Scottish literature is what I profess. I felt obliged. I doubt if I could have prepared for the trip, though. Three days travelling: Ayr to Glasgow, train to London, pause, fly to Delhi, pause, fly on to Kolkata. Driving out from the airport, a huge billboard advert seen from the road on the outskirts proclaimed: “We can cut anything – except your throat!” Further on, a big sign on the wall of a derelict-looking building read: “Swastika Hostel for Working Women”. Everything seemed tilted, the cityscape itself creating distortions, disorientations, angled approaches, lines of departure, all coming in from everywhere. Was it just jet-lag? We drove fast, getting out of the city.

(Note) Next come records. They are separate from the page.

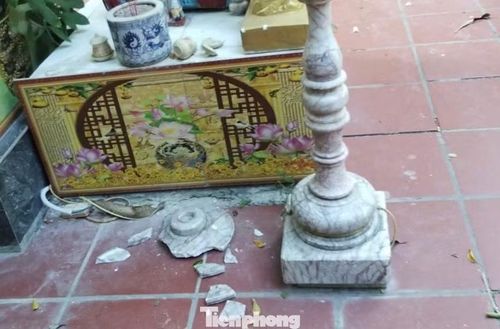Tượng Phật và nhiều vật dụng thờ cúng bị đập phá hư hỏng.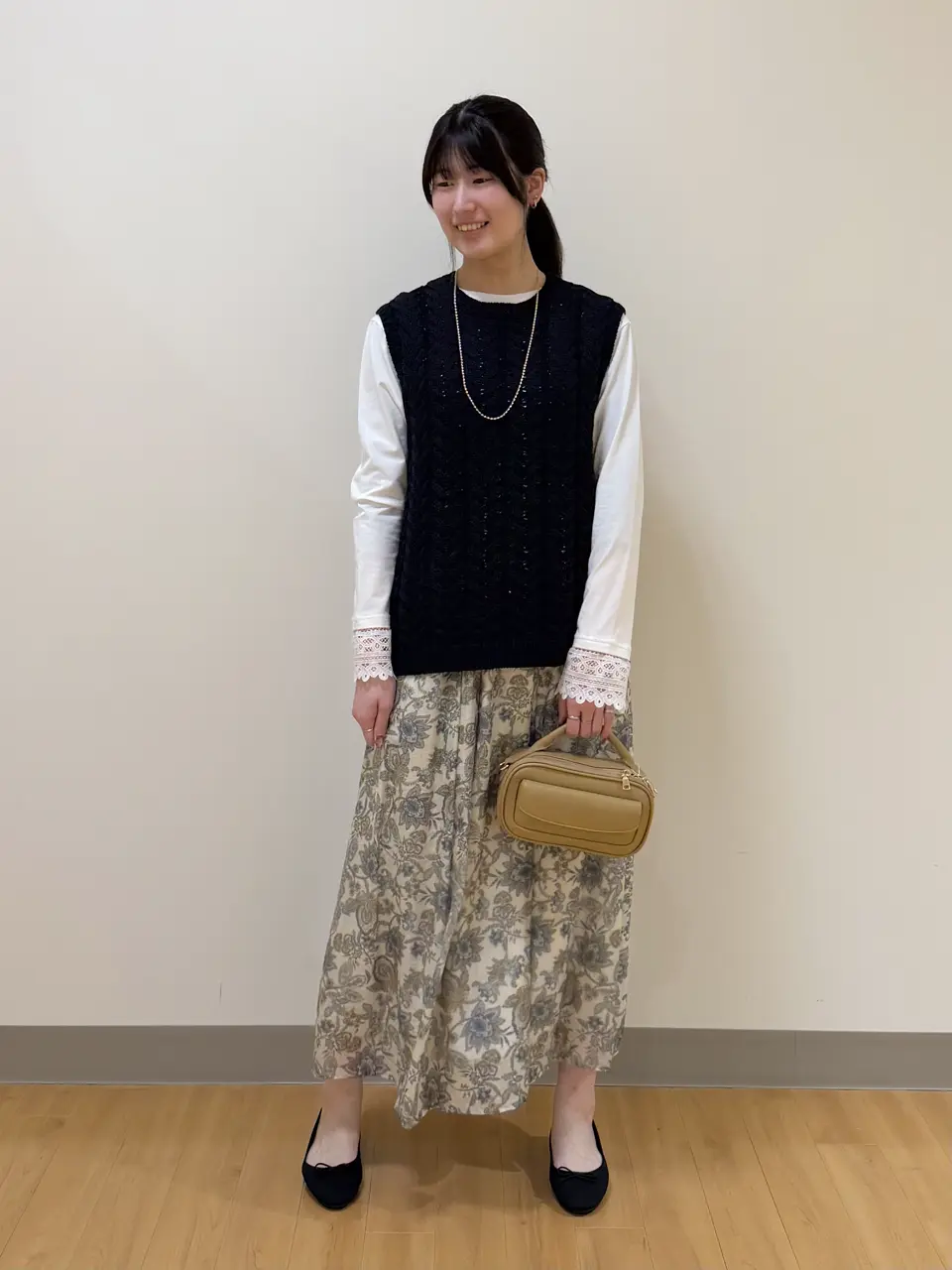  Aina コーディネート画像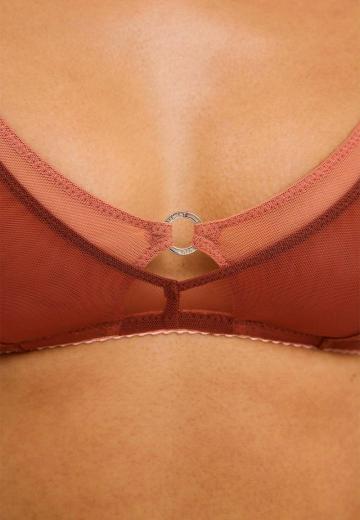 Бюстгальтер без косточек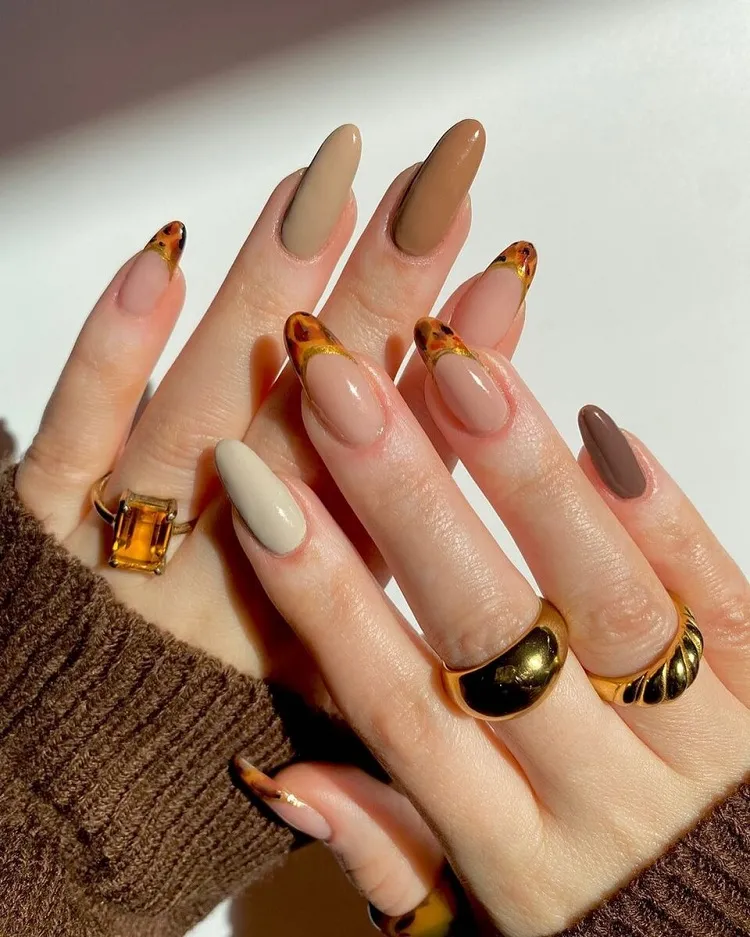 minimalist elegant fall nails design tortoise shell french tips gold accents nude gradient manicure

Then there was the car journey, Kolkata to Bankura, a seven-hour ride with horns blasting, potholes, cracks, ditches and mud everywhere (this was monsoon season). Our excellent driver, unceasingly vigilant, found the means to get us there and get ahead of the traffic in ways that kept me wide awake far beyond the weight of jet-lag. He would slip off the concrete and drive along the grass verge for a while, or nip over into the oncoming lane of the road and dodge approaching traffic for a while, or one occasion, to avoid an immense congestion of demonstrators and parked vehicles, nip across the central verge, cross the oncoming lanes, go down a side road, and head back the way, then go through a tunnel under the main road and into a small village, then through what seemed an oceanic puddle, not knowing what might lie beneath, then up, round and back the right way. All this kept the attention from drifting too far. I began to think this experience might be better to look back on than to have.

Then there was the landscape: miles and miles of flat fields of water and green, rice paddies everywhere except where the forest comes in, thick forest, trees clustered and clotted, up close to the road or in long stretches, far distant from it.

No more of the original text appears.